HOW is it that whenever I have a bit of a problem ­–­ and I suspect I have more than most –I am so often on my own?

Take the other day, when I was with half a dozen other folk and everything was going smoothly as people wheeled barrows, carried nets of hay or lugged buckets brimming with water.

Then I went into a stall to shake out some hay and everyone vanished into thin air.

I was left only with the heavy breathing of horses, the bellow of a distant chainsaw and the acrid smell of smoke from the A68, where workmen have been busy all week plying monster blow torches to burn off bitumen laid just a few months ago.

It seems the newly-laid tar had been causing problems for motor cyclists, who had been falling off with even more regularity than usual on this troublesome road.

The road signs say there have been 75 accidents on the road in the last three years, but this information should be taken with a large pinch of salt, as those signs have been there for 30 years to my personal knowledge!

The box I had gone into was occupied by a pony affectionately known as Goofy, because of his prominent teeth, and I made him comfortable with an armful of straw.

But when I tried to get out, I found the stable door had bolted itself shut.

This self-locking door has caused me problems before, because its ground level kick bar lock has a nasty habit of engaging with the floor.

If you get locked in, there’s usually someone going past to effect a release, or at worst, there is usually a brush or a long-handled fork to hand with which to finagle the door open.

However, the yard had taken on a Mary Celeste aspect, with no-one around to hear my desperate pleas for release, and the mucking out implements were on the other side of the stable.

I shook the door hopefully – some Houdini horses can let themselves out with a well-placed hoof – but the bar remained resolutely in place.

There was only one way out, and that was by climbing over the neck-high door - but there were no footholds and my feeble arms were too puny to haul myself over.

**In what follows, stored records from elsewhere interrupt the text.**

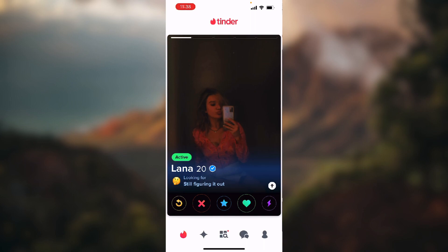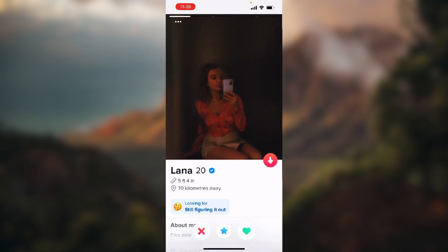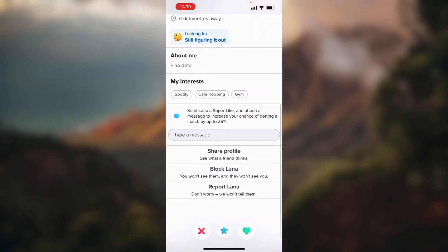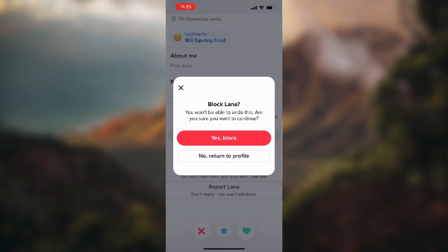So to block someone you need to go on their profile and just swipe down. And as you can see there are these three options at the end. One is share profile, one is block profile and third one is report. So you just click on block and yes, block.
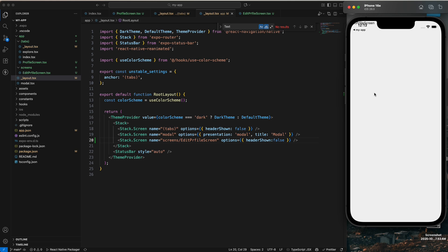So like this we can use Expo Router in React Native, add new screens, and add bottom tabs. In the next video we are going to explore more about React Native with Expo. See you in the next video — bye!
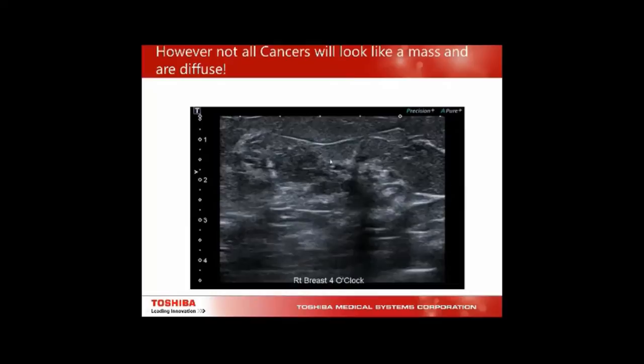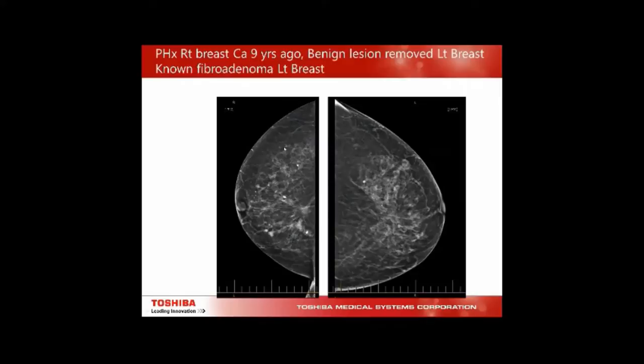Not all cancers look like a mass — some are diffuse, bigger than the probe, and you can't differentiate them out. You must look for normal anatomy to diagnose the abnormal. This patient had breast cancer at 10 o'clock in the right breast; working with the radiologist, there was an area of interest at 4 o'clock. Scanning through, I'm trying to identify the actual ducts — we can see a duct here, but then it's discontinued, and then we're picking up ducts again over here. In real time you could appreciate these little microcalcifications.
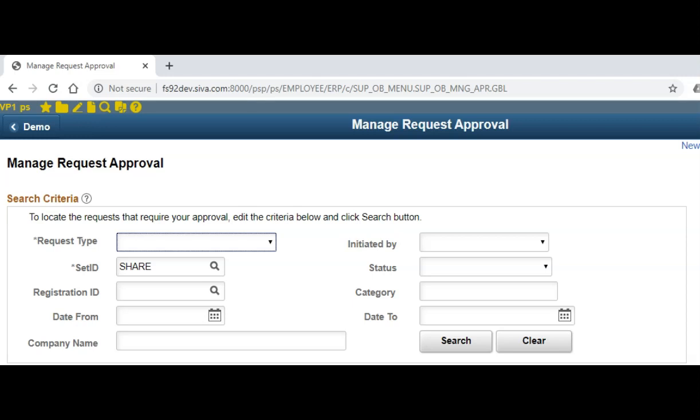Folks, welcome to PeopleSoft channel. In my last video, I showed you how to generate PeopleCode Trace in a snap.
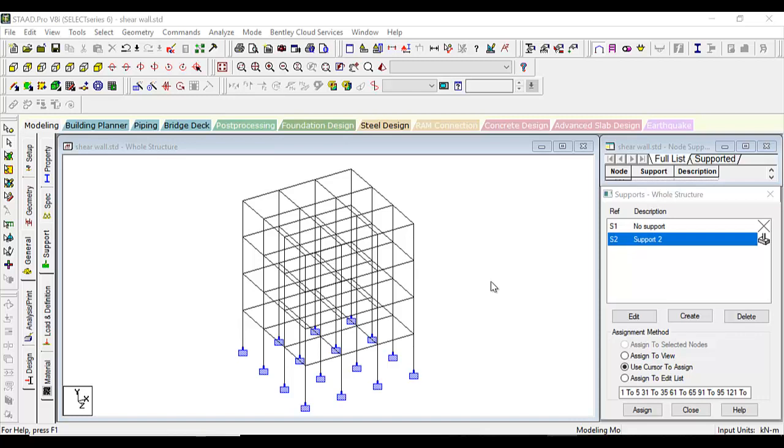Hello friends, welcome to the latest lecture of STAAD Pro Classes. Today we are going to discuss how to make a shear wall and how to have its analysis.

I took a couple of runs at the door, but my scrabbling feet were unable to gain purchase, and I fell back defeated. There were also my first time on, new waterproof trousers to consider.

I considered clambering onto Goofy’s broad back to climb out, but felt he might collapse under my weight, and in any event, those goofy incisors looked like they could inflict a nasty nip should I invade his personal space further.

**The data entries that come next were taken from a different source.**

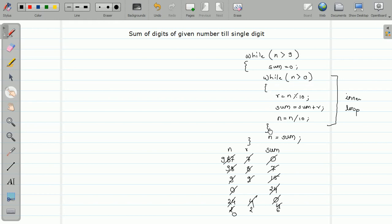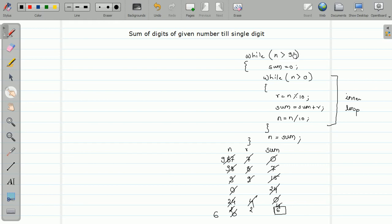Now 0 is not greater than 0, so the inner loop terminates. The sum value is assigned to n. The latest sum value is 6. It goes back to the beginning of the outer loop - is 6 greater than 9? No. The condition evaluates to false. If you print the value of sum or n it will give you the single digit sum of your number. This is how we use nested loops to solve this program.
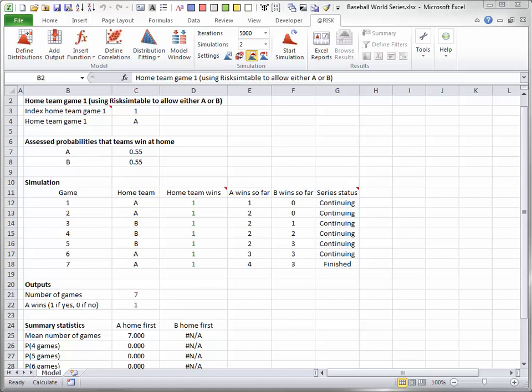As in all sports, a team would rather play in its own stadium because of a perceived home field advantage. The model shown here is actually set up to run two simulations, one where Team A has first home field advantage, and one where Team B has first home field advantage. This is done with a RiskSimTable function and an IF function. Because of this, the number of @Risk simulations is set to 2.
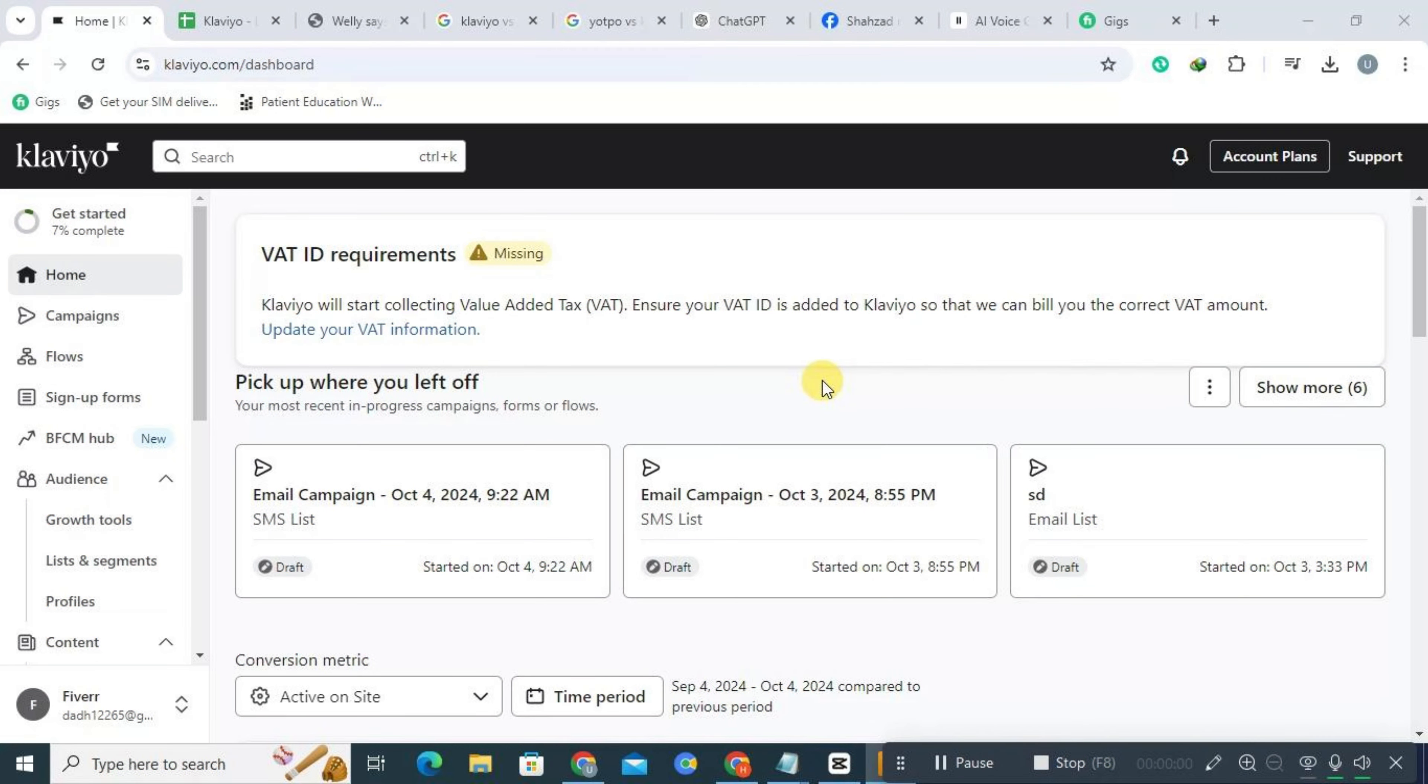Hi everyone. Today we're going to walk you through a comparison of Klaviyo and ActiveCampaign. If you're new to Klaviyo, check the description for a link to a free trial. For existing users, just log in and follow along with us.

Fellow stable occupants were starting to take an interest in my increasingly desperate escape attempts with mocking whinnies – and then my eyes lit on Goofy’s water bucket, bolted to the stable wall because of his propensity for kicking it over.

I had filled it to the brim some half an hour earlier, so I carefully lifted it down and tried to use it as a stepping stone.

However, the narrow sides of the trough proved too precarious, and I twice plunged my feet into the water, once landing flat on my back in in Goofy’s straw, much to his consternation.

There was no alternative – I had to empty the water bucket to be able to use it as a stepping stone. The cascade seemed to go on forever more, and I briefly thought I might be carried over the door on the tidal wave.

It finally ebbed though, and I turned the bucket over and slithered over the top of the door like a giant slug.

I was, however, left to deal with the great flood now swirling round the stable and no matter how much I plied my brush, it didn’t seem to get any less for some considerable time.

I refilled Goofy’s bucket and hung it back on the wall, but when fellow stable folk started to reappear, there remained a damp trail emanating from Goofy’s box.

Someone suggested that Goofy had reverted to his old ways and had somehow contrived to kick over his bucket again, so I nobly confessed that I was the guilty party.

“I somehow guessed that,” said the boss. “Goofy would have made a better job of brushing up the mess!”